[Data supplied]:
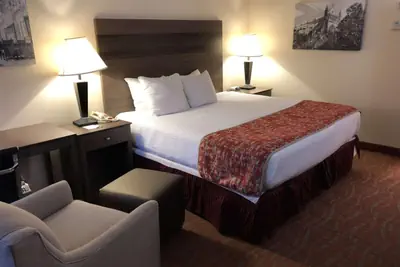 Photo 3 - MHO INN and SUITES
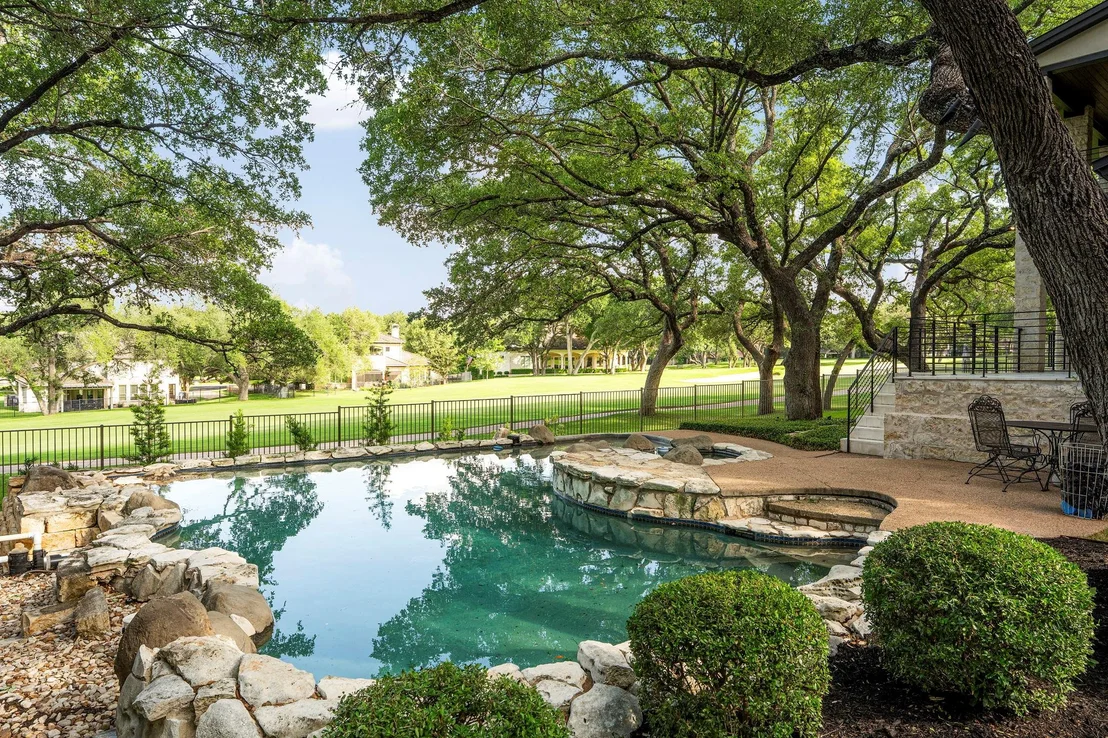 Photo of 12 Treehaven LN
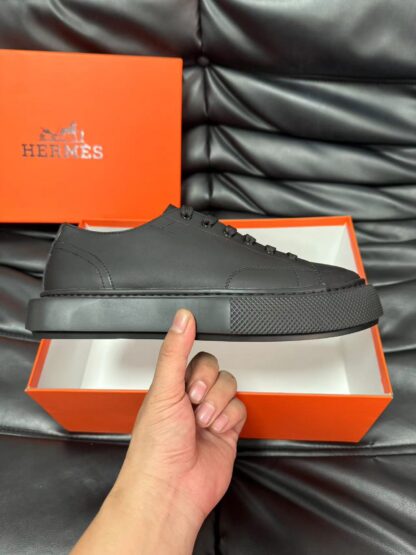 Hermes black high-end leather casual shoes - Image 5
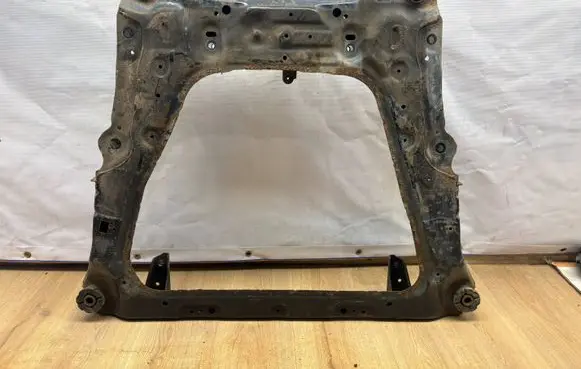 Nissan Leaf I (ZE0) Front subframe 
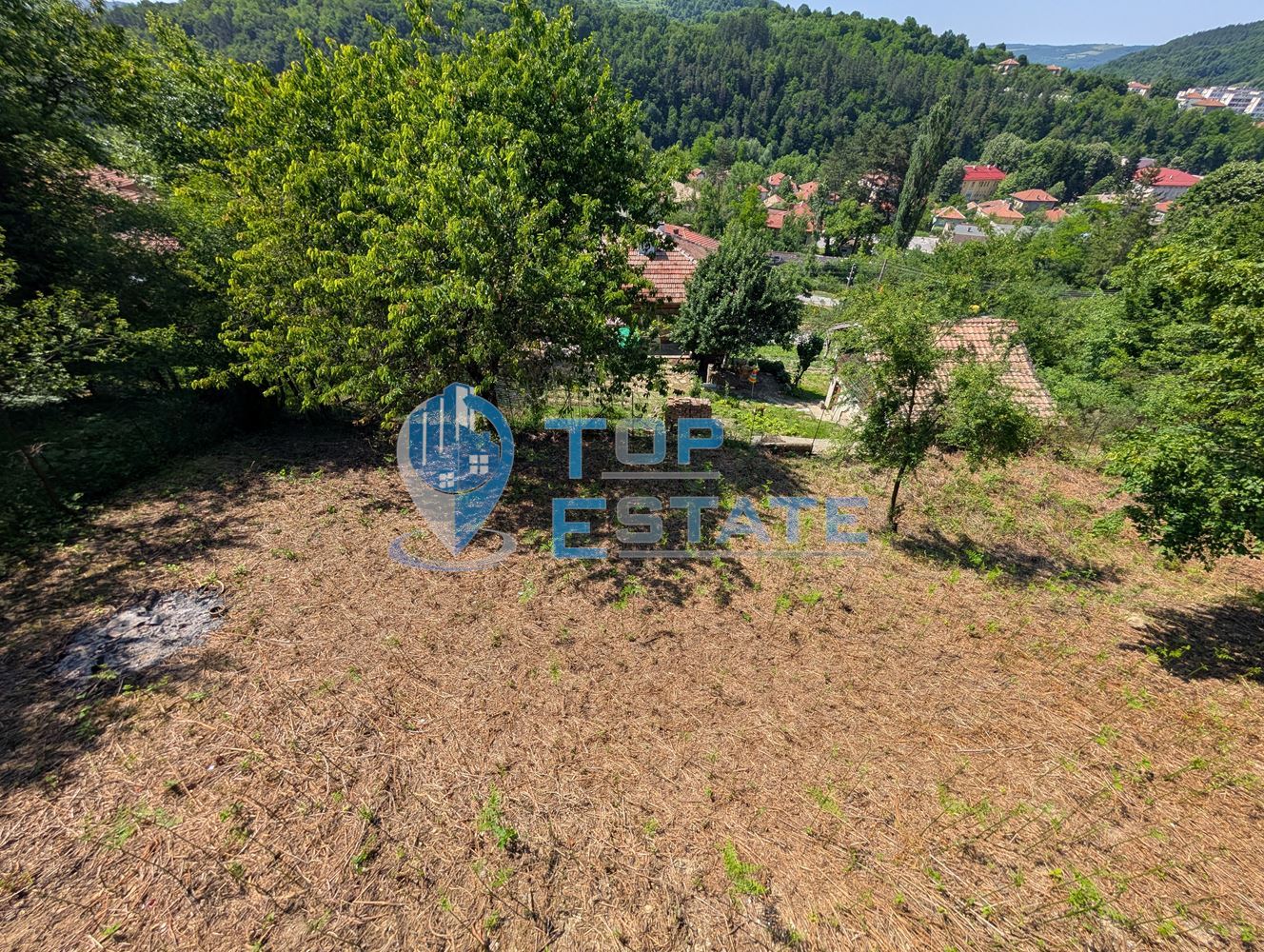 Парцел с къща, гараж и панорамна гледка в град Плачковци - 0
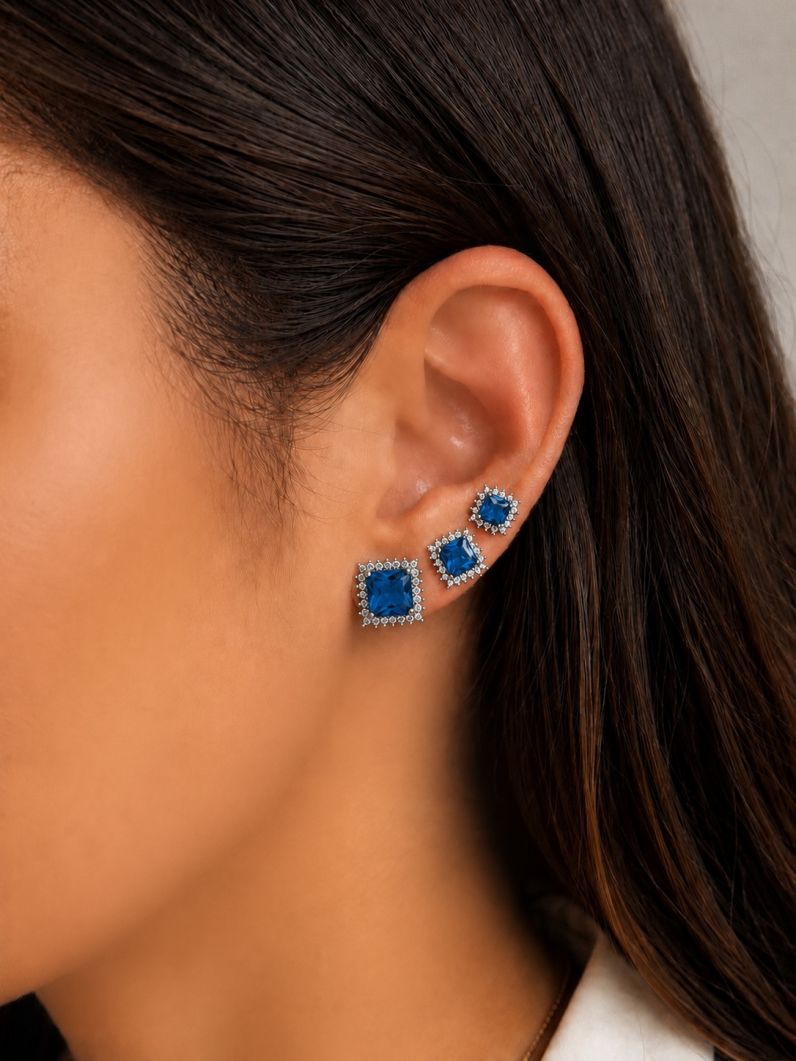 Trio de Brinco Folheado a Ouro 18k e Prata Quadrados de Cristal Com Zircônias
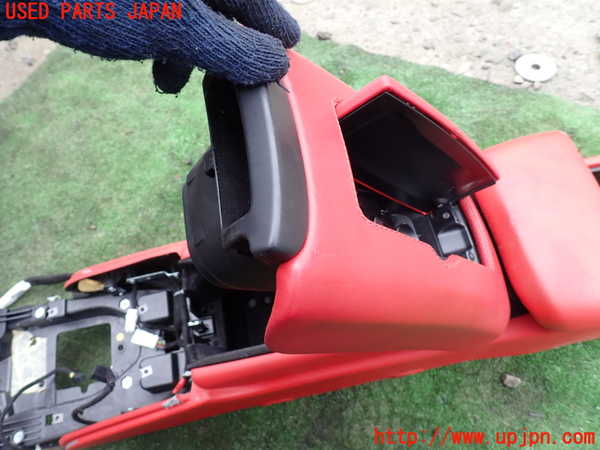 5UPJ-21497540]マセラティ・グラントゥーリズモ(MGT)センターコンソール 中古_m0002.jpg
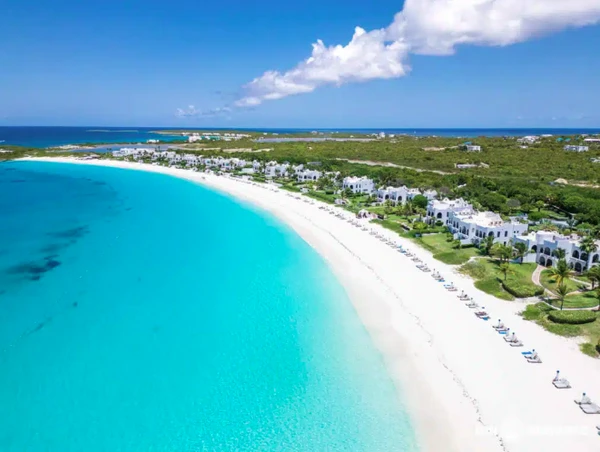 Com menos de 100 km², o território britânico no Caribe se consolidou como refúgio de celebridades como Paul McCartney e o casal Angélica e Luciano Huck por Reprodução | Instagram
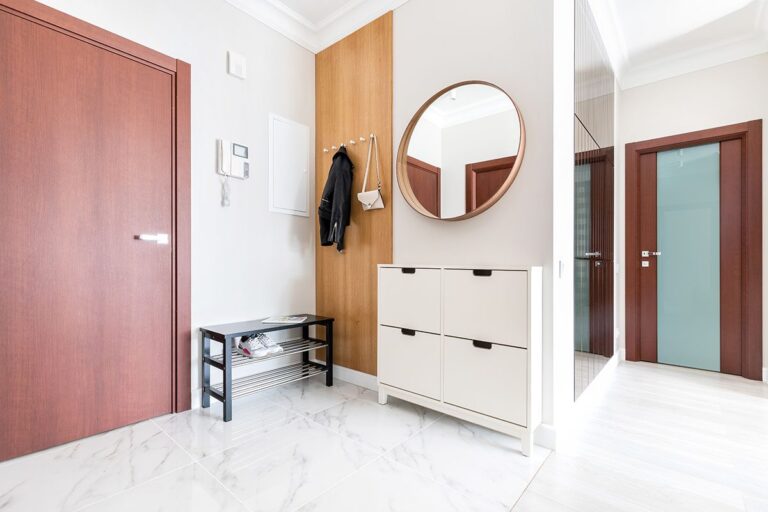 22 Genius Apartment Entryway Ideas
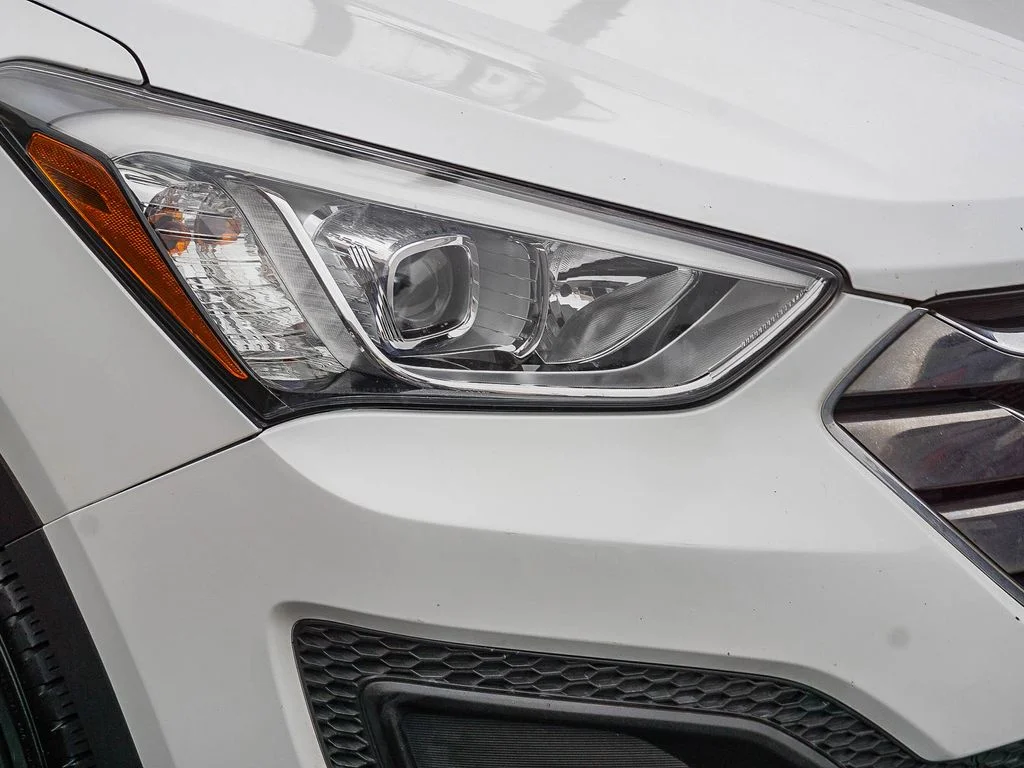 Used 2014 White Hyundai Base image 10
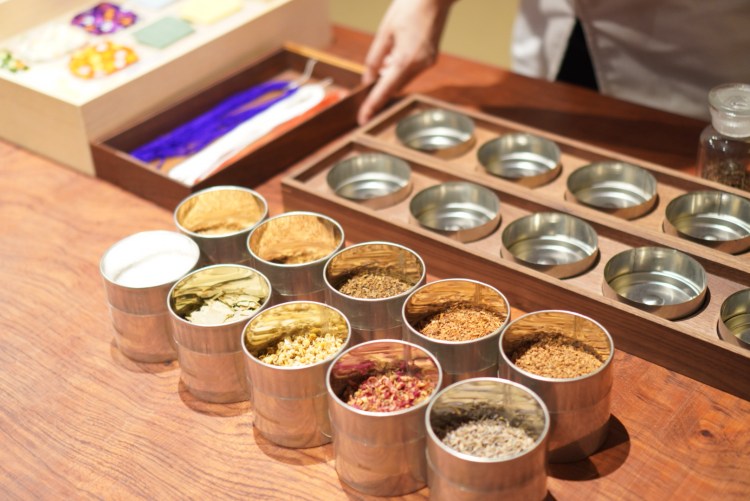 Select ingredients while checking their aroma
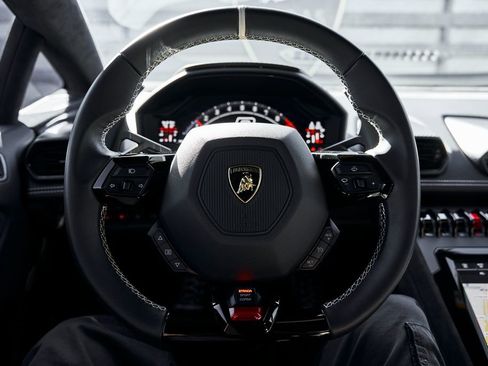 Used 2023 Lamborghini Huracan Tecnica image 54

[Aim of the exercise]: Reproduce nothing but the lines from the line containing "Select ingredients while" through the last line of the data above, exactly as written and without pictures.

[Response area]:
 Select ingredients while checking their aroma
 Used 2023 Lamborghini Huracan Tecnica image 54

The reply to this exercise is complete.